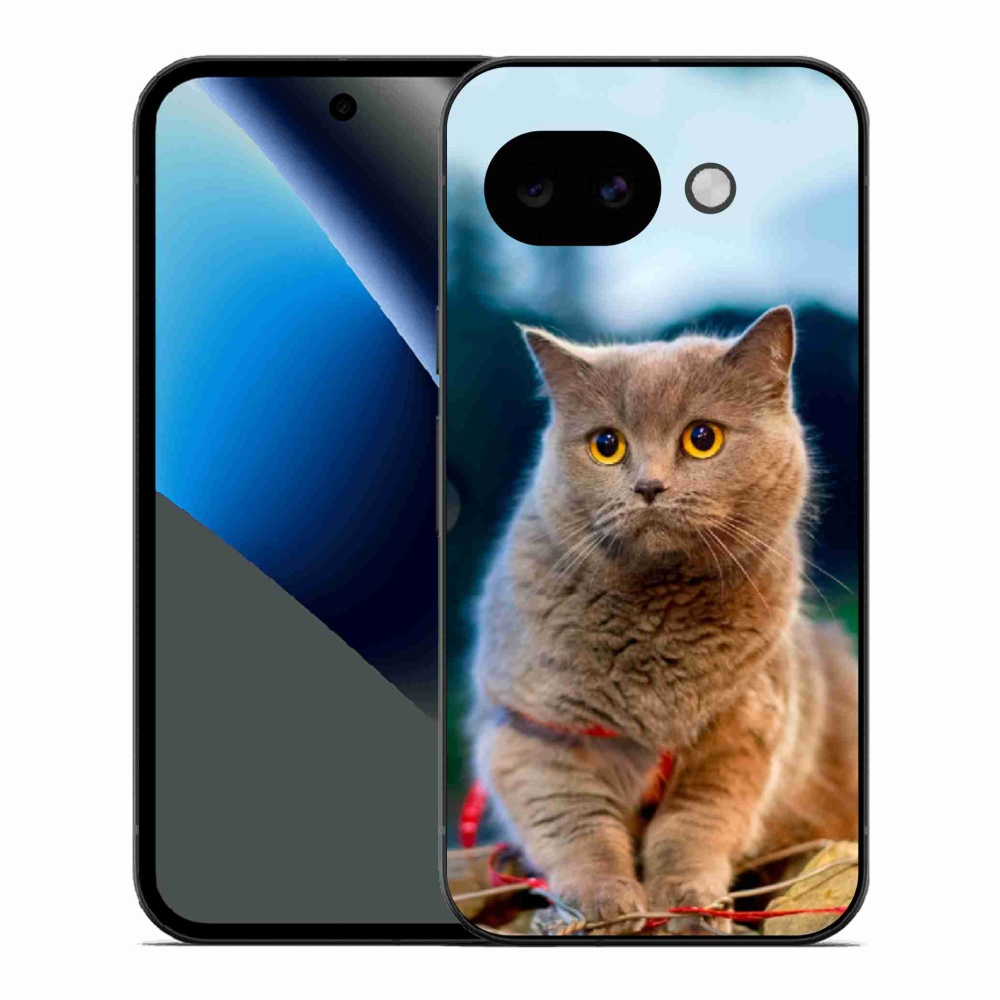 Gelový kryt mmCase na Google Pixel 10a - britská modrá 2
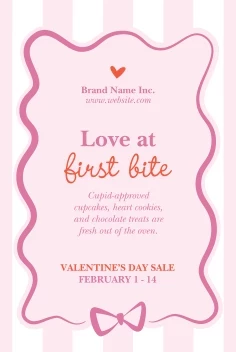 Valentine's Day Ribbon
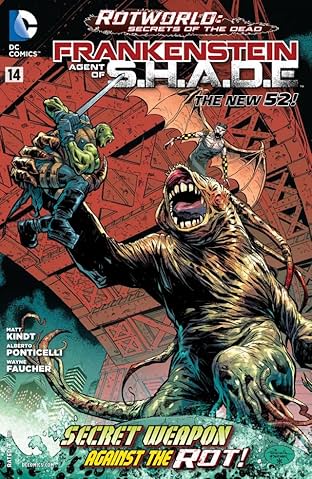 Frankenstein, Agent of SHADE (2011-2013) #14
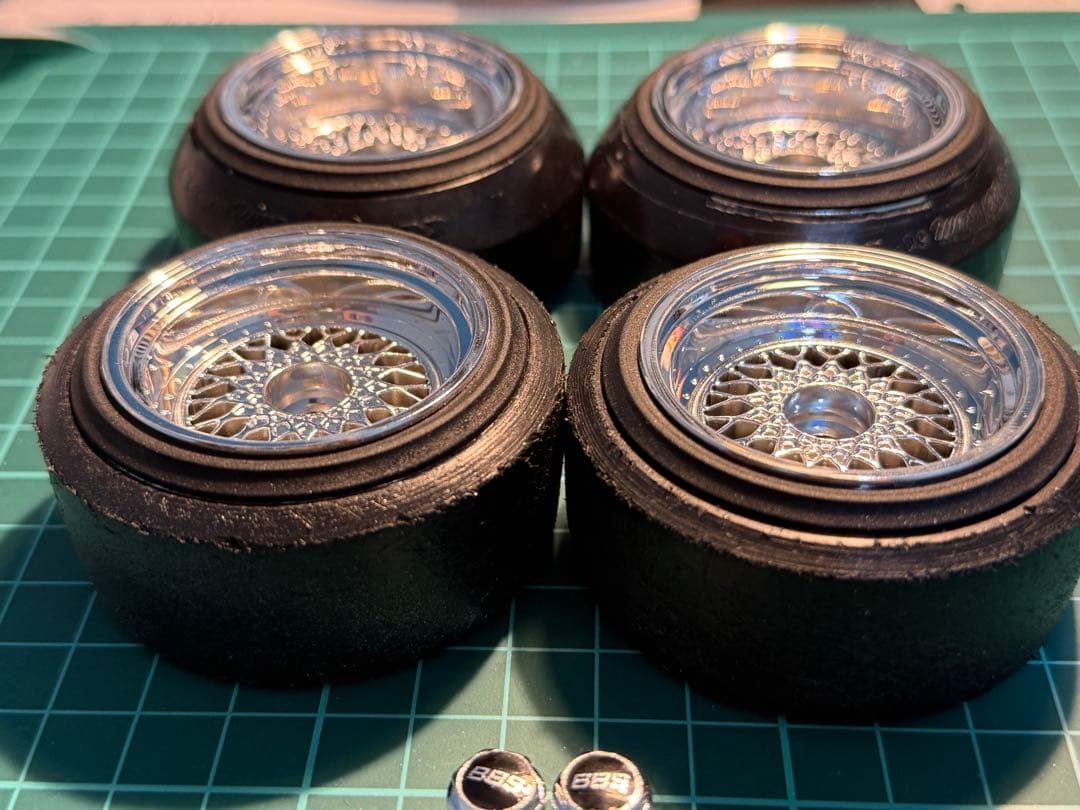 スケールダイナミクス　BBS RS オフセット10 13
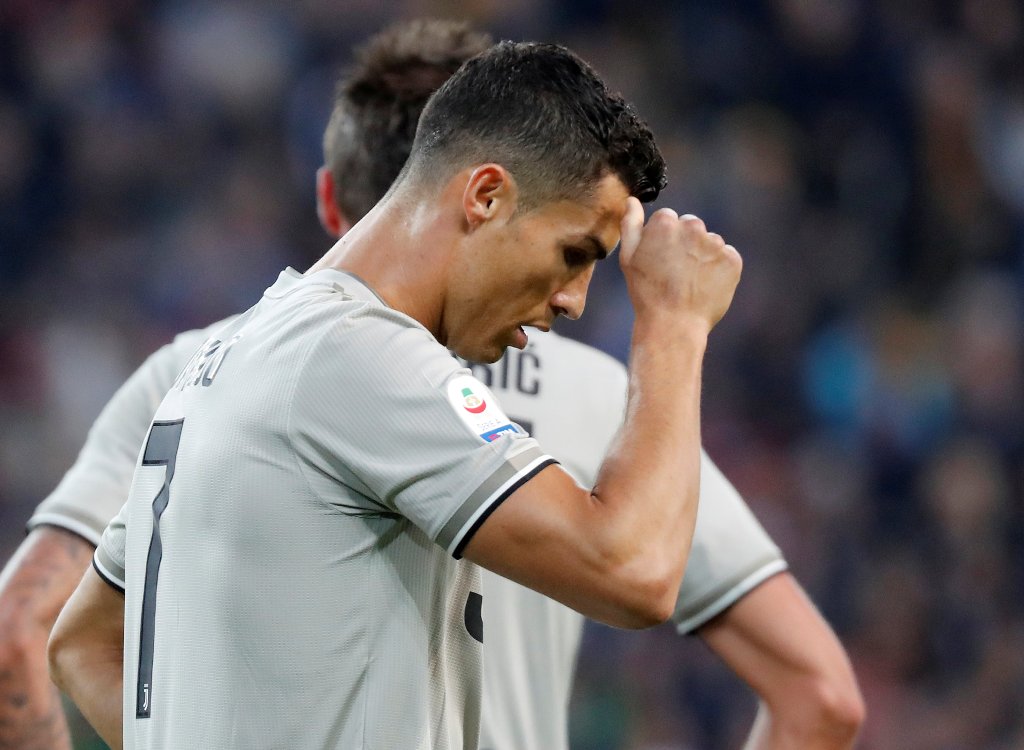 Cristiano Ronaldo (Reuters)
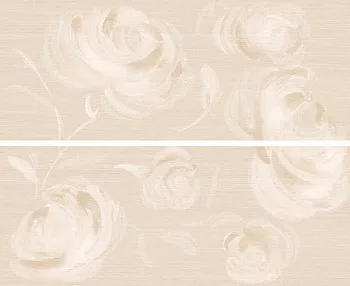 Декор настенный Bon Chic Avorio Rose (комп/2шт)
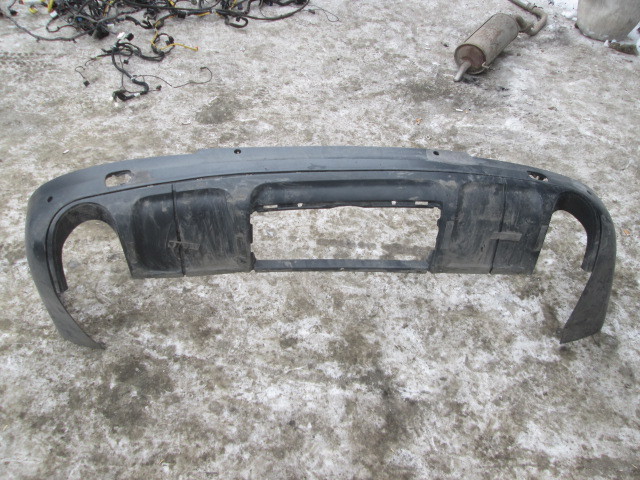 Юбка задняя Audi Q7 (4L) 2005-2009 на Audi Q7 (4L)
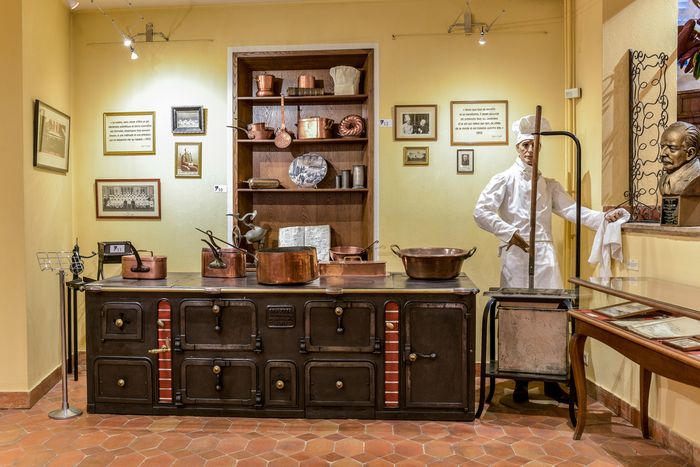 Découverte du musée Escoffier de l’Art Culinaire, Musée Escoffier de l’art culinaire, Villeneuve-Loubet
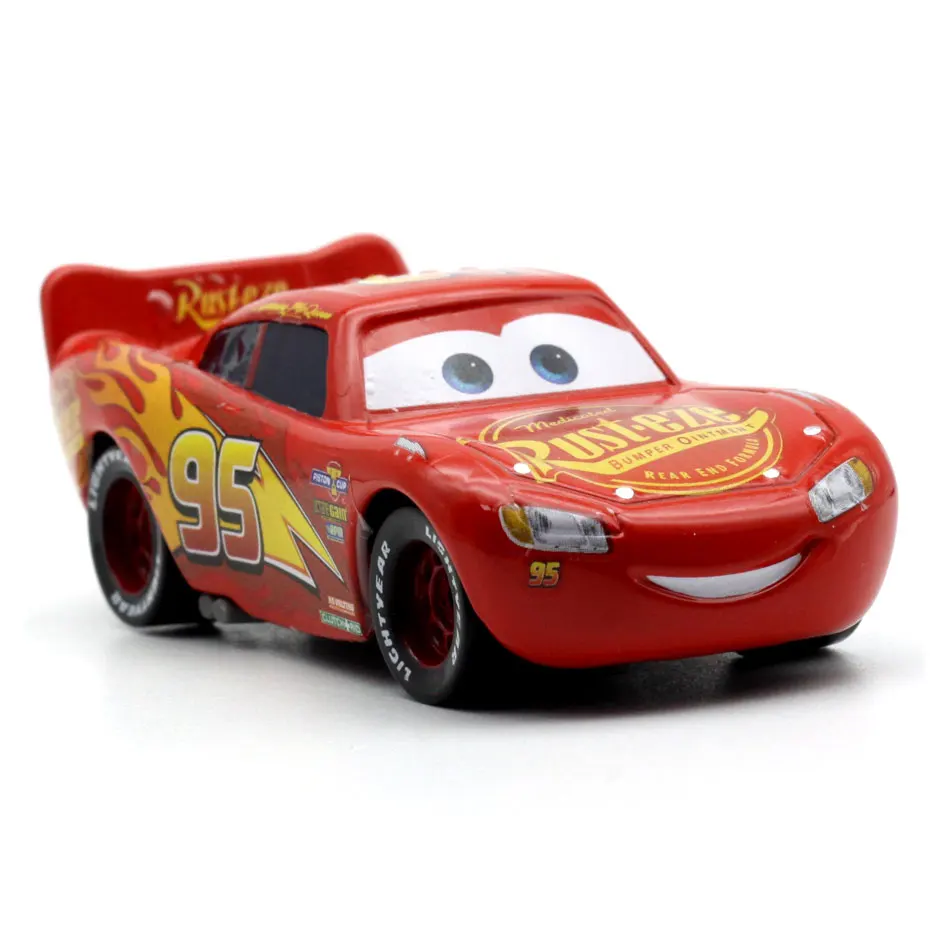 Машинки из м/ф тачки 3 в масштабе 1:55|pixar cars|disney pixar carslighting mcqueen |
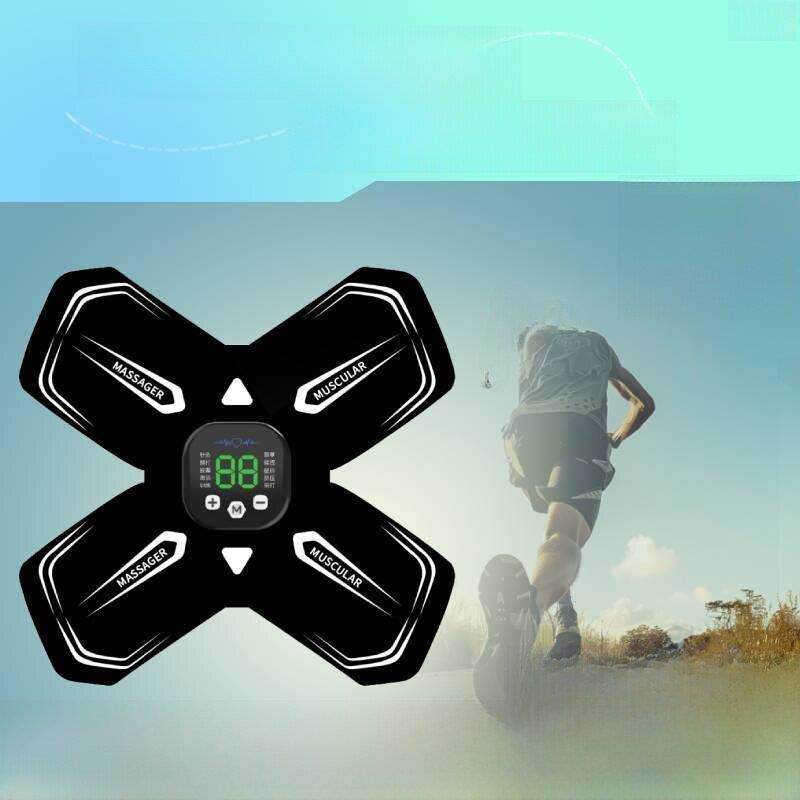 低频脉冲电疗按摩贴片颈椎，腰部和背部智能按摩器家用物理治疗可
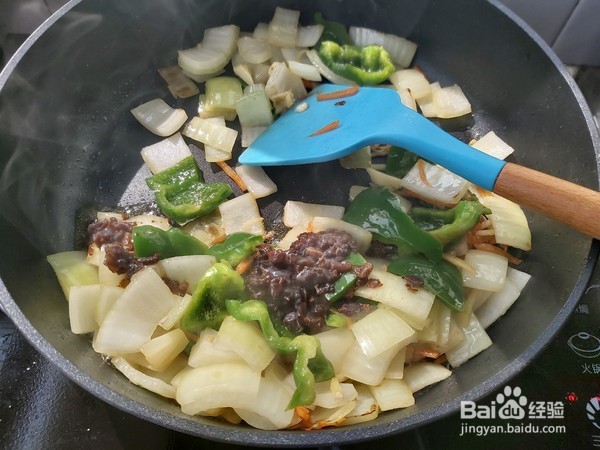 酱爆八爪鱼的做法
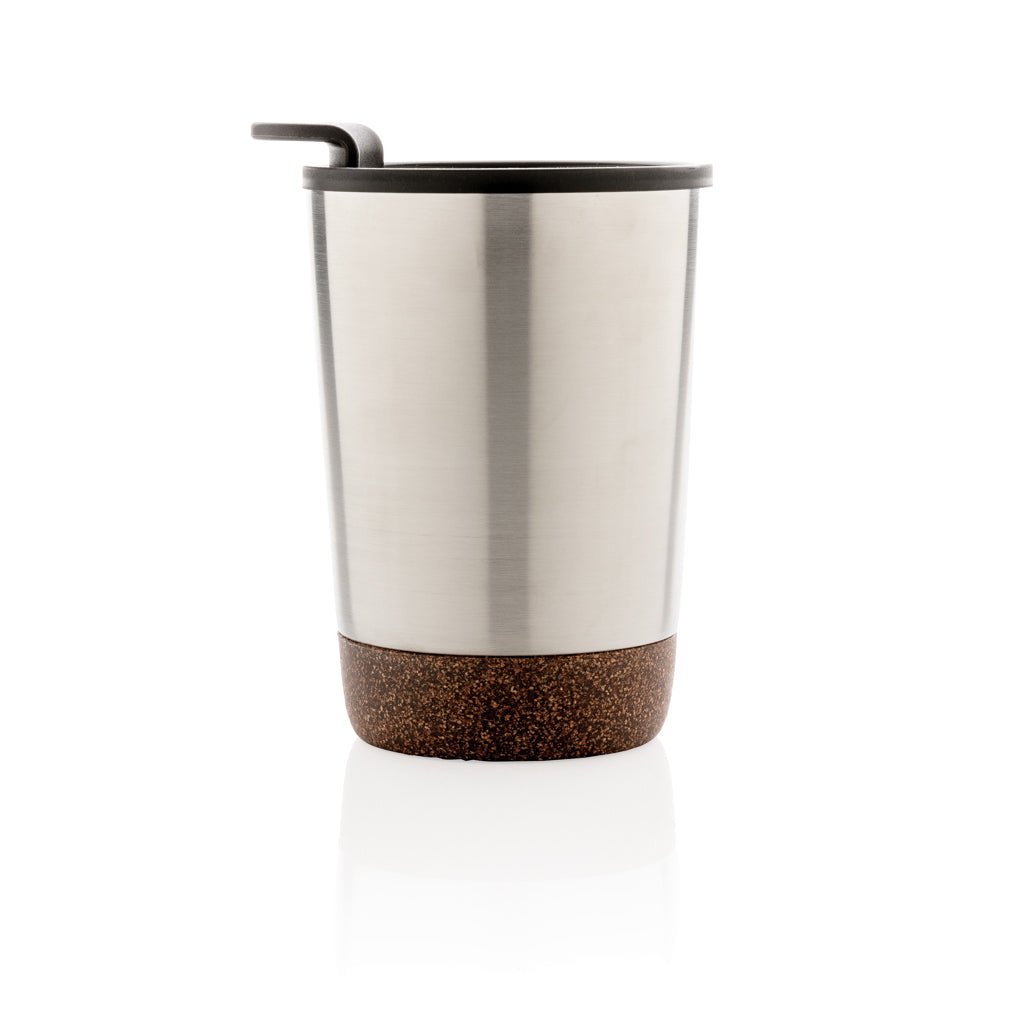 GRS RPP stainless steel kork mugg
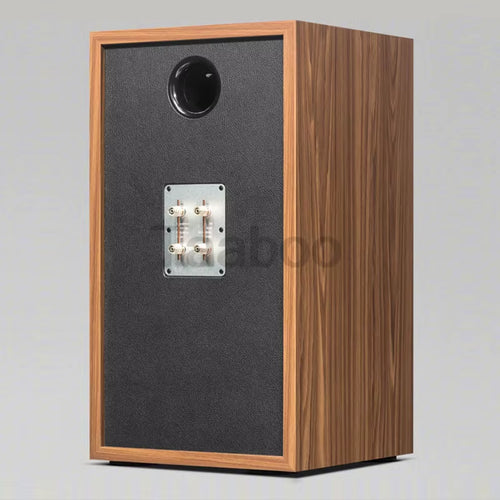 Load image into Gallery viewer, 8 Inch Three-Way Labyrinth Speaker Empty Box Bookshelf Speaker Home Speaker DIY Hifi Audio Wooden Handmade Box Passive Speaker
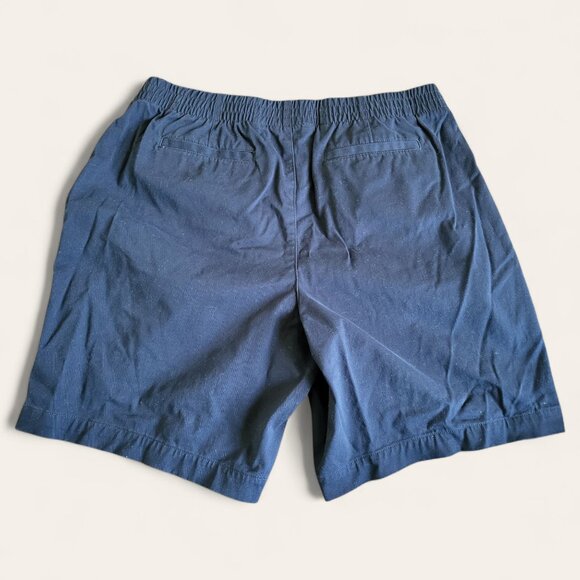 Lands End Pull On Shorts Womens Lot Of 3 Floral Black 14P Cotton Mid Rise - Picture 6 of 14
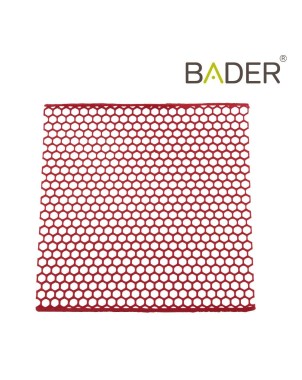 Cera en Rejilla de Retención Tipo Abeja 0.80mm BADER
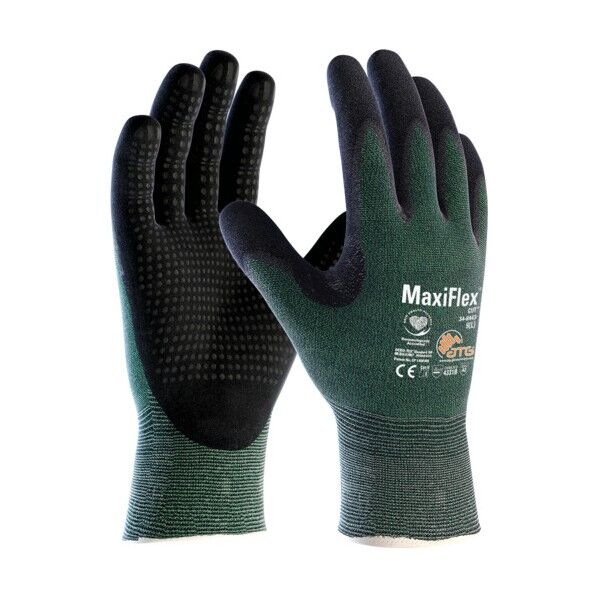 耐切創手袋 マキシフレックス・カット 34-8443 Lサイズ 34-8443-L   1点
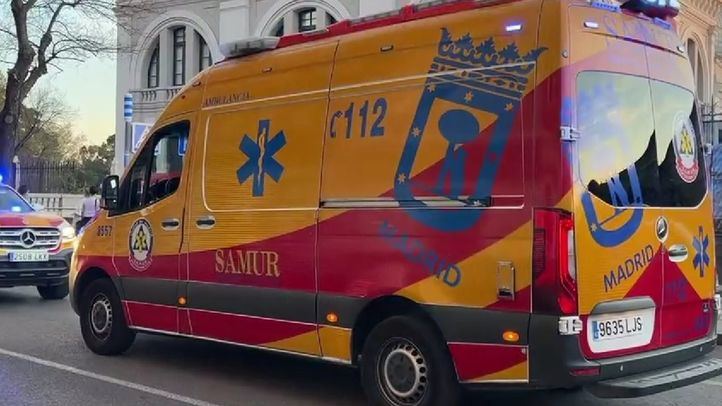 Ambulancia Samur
************
#### Work request
Restate the data above verbatim, skipping every image.

#### Response to the exercise
 Gelový kryt mmCase na Google Pixel 10a - britská modrá 2
 Valentine's Day Ribbon
 Frankenstein, Agent of SHADE (2011-2013) #14
 スケールダイナミクス　BBS RS オフセット10 13
 Cristiano Ronaldo (Reuters)
 Декор настенный Bon Chic Avorio Rose (комп/2шт)
 Юбка задняя Audi Q7 (4L) 2005-2009 на Audi Q7 (4L)
 Découverte du musée Escoffier de l’Art Culinaire, Musée Escoffier de l’art culinaire, Villeneuve-Loubet
 Машинки из м/ф тачки 3 в масштабе 1:55|pixar cars|disney pixar carslighting mcqueen |
 低频脉冲电疗按摩贴片颈椎，腰部和背部智能按摩器家用物理治疗可
 酱爆八爪鱼的做法
 GRS RPP stainless steel kork mugg
 Load image into Gallery viewer, 8 Inch Three-Way Labyrinth Speaker Empty Box Bookshelf Speaker Home Speaker DIY Hifi Audio Wooden Handmade Box Passive Speaker
 Lands End Pull On Shorts Womens Lot Of 3 Floral Black 14P Cotton Mid Rise - Picture 6 of 14
 Cera en Rejilla de Retención Tipo Abeja 0.80mm BADER
 耐切創手袋 マキシフレックス・カット 34-8443 Lサイズ 34-8443-L   1点
 Ambulancia Samur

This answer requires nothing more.